When in the company of some, I can put together string after string of coherent words without breaking a sweat.
When in the company of others, I’m a Bulgarian refugee in New York, lost in the subway and stabbing my finger at a map. “I here, yes?” Verbs hightail it down the road and my hands alternately swat flies or shape elaborate castles in the sky.
To be fair to myself, in most situations I fall somewhere between Winston Churchill and a mime in a paisley suit.
My best guess is, one’s degree of verbal dexterity is partly education, but mostly the proper application of gas to the brain, and the flooding thereof. And the latter welcomes us to the wonderful world of interjections, the conversational equivalent of the Maybelline zit concealer. The well-uh’s, but-um’s, okay-then’s, and you-know’s. Or my own personal favorites, the friends that have carried me seamlessly through many an awkward lapse: So-so-so-so and Doncha-see.
What’s weird (and this is not an interjection, I mean it is strange, odd), one of the most memorable things about a person is how they fill the conversational spaces between constructed thoughts.
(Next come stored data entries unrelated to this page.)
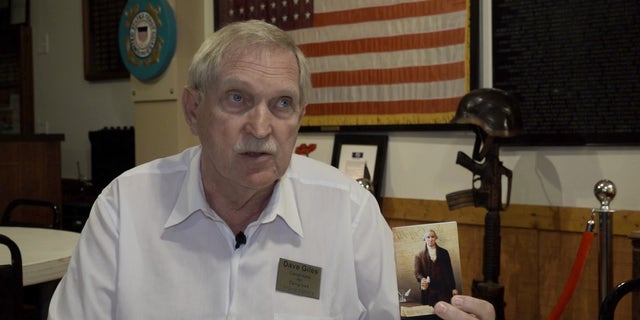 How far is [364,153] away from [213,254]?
217cm

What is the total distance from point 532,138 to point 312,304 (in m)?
1.86

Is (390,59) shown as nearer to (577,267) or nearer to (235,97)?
(577,267)

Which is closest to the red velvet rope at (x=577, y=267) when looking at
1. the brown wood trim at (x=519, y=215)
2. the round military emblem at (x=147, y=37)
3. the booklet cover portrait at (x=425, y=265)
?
the brown wood trim at (x=519, y=215)

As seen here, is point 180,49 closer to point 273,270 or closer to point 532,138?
point 532,138

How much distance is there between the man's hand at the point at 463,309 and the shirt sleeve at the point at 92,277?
0.71 m

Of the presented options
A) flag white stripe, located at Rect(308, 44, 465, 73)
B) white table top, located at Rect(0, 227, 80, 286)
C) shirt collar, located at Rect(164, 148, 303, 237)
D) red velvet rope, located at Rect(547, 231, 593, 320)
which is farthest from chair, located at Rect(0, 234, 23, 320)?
flag white stripe, located at Rect(308, 44, 465, 73)

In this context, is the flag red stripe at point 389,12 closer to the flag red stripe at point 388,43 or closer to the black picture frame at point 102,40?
the flag red stripe at point 388,43

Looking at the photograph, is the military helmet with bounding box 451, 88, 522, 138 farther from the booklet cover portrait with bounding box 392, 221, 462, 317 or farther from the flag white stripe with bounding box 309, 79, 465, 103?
the booklet cover portrait with bounding box 392, 221, 462, 317

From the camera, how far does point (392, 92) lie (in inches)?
141

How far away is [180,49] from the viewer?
4258 mm

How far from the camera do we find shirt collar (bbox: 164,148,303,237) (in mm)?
1603

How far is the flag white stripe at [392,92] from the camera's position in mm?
3375

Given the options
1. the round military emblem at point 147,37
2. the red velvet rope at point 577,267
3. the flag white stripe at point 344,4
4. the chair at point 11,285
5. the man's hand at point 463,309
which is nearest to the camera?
the man's hand at point 463,309

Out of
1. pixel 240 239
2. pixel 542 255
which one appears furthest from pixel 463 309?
pixel 542 255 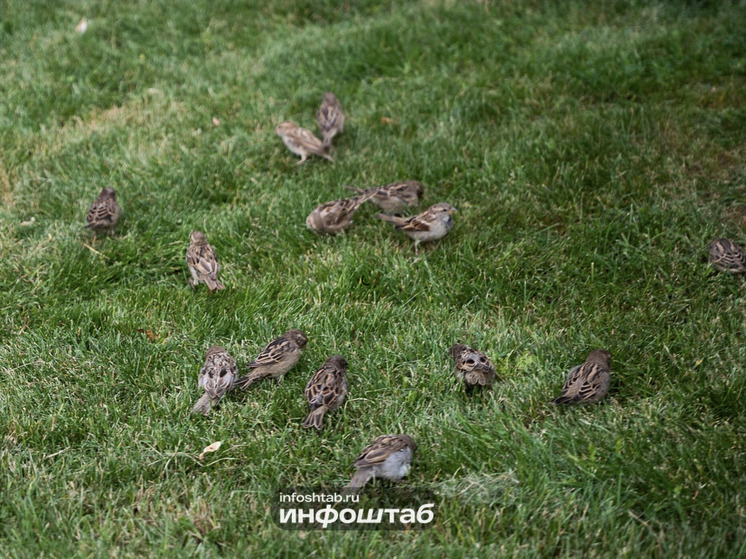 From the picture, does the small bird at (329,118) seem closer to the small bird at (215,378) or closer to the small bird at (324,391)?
the small bird at (215,378)

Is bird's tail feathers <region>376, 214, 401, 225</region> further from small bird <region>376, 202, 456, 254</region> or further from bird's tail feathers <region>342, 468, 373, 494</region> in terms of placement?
bird's tail feathers <region>342, 468, 373, 494</region>

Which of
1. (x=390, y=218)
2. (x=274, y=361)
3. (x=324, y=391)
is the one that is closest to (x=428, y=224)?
(x=390, y=218)

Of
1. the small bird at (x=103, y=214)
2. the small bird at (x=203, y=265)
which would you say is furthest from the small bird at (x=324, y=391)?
the small bird at (x=103, y=214)

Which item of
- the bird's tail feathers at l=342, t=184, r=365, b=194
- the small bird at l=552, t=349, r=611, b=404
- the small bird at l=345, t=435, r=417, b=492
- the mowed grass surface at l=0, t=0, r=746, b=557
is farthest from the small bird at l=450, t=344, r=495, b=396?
the bird's tail feathers at l=342, t=184, r=365, b=194

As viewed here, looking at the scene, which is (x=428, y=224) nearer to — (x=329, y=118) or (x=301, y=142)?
(x=301, y=142)

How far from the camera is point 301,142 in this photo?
827 cm

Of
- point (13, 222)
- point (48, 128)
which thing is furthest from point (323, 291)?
point (48, 128)

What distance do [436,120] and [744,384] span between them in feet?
15.1

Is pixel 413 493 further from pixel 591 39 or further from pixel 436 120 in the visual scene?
pixel 591 39

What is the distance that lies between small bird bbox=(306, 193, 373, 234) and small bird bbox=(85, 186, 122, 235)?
5.81 ft

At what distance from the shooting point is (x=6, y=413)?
543cm

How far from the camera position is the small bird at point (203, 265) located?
21.8ft

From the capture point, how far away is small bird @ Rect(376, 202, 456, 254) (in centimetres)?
696

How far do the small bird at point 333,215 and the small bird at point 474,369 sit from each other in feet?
6.90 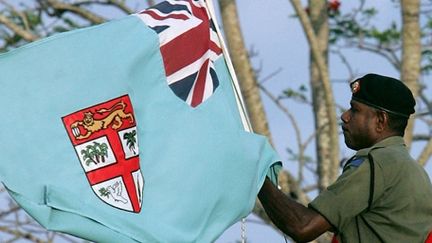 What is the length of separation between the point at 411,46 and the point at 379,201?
5340mm

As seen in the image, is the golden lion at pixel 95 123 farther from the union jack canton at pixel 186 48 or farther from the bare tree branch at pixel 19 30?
the bare tree branch at pixel 19 30

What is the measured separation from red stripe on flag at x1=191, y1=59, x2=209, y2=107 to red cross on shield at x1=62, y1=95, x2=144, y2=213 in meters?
0.35

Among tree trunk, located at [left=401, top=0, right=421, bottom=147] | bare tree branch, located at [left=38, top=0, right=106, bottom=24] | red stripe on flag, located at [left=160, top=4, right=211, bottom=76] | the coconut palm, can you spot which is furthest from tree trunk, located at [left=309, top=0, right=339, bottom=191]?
the coconut palm

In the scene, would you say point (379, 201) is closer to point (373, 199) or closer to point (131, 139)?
point (373, 199)

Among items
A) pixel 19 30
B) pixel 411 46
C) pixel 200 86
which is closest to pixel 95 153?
pixel 200 86

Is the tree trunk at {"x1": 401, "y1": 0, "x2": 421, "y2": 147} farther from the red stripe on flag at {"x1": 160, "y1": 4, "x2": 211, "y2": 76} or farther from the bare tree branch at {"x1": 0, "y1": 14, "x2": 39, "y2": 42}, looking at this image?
the red stripe on flag at {"x1": 160, "y1": 4, "x2": 211, "y2": 76}

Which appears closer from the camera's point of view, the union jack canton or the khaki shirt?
the khaki shirt

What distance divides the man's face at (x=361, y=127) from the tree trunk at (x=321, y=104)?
17.0ft

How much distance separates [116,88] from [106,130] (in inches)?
6.7

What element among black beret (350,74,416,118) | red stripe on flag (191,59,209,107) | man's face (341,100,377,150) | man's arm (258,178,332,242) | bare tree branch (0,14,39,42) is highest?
red stripe on flag (191,59,209,107)

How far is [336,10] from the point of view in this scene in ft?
39.0

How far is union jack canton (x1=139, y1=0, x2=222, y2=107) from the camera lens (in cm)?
590

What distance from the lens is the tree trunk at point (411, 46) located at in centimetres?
1077

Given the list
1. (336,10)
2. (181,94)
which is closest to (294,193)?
(336,10) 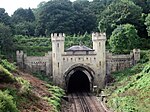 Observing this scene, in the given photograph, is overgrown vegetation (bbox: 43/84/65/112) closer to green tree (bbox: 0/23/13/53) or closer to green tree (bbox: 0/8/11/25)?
green tree (bbox: 0/23/13/53)

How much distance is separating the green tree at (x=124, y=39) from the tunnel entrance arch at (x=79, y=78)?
666 centimetres

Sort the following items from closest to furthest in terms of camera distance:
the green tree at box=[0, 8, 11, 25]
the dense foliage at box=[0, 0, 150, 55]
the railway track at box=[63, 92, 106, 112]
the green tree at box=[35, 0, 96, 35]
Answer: the railway track at box=[63, 92, 106, 112] < the dense foliage at box=[0, 0, 150, 55] < the green tree at box=[0, 8, 11, 25] < the green tree at box=[35, 0, 96, 35]

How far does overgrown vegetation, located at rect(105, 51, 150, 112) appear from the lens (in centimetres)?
3698

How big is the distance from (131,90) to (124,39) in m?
16.9

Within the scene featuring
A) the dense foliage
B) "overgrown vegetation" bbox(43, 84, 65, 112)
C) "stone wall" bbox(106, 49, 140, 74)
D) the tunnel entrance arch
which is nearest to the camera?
"overgrown vegetation" bbox(43, 84, 65, 112)

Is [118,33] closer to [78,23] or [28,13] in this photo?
[78,23]

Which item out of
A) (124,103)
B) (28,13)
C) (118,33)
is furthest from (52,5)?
(124,103)

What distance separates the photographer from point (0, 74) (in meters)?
34.4

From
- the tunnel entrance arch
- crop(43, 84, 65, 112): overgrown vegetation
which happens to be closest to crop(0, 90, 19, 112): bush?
crop(43, 84, 65, 112): overgrown vegetation

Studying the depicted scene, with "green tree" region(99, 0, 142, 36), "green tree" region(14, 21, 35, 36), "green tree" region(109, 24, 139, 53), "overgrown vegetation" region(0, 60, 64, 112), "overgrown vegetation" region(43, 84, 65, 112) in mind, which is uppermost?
"green tree" region(99, 0, 142, 36)

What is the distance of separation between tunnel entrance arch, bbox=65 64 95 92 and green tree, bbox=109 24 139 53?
6658 mm

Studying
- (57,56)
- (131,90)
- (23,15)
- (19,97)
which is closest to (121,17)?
(57,56)

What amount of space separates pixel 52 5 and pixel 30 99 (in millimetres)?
46839

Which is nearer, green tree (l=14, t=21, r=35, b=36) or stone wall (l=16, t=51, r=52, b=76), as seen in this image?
stone wall (l=16, t=51, r=52, b=76) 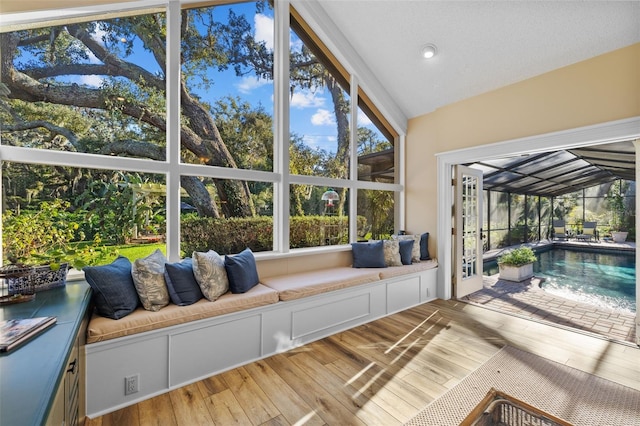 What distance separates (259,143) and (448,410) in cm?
318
Long after someone is gone, you may not remember a hundred quotable things he or she said; instead, what sticks in the craw is the annoying way he would clear his throat and say “That begs the question…” Or years later, you may agonize over the fact you slept with someone who would buy some time with, "Be that as it may..."
I wonder if Shakespeare, in between his qualities of mercy and roses by any other names, would scratch his chin and say, "The thing about it is..." At least for a special someone, those may have been his last syllables of recorded time.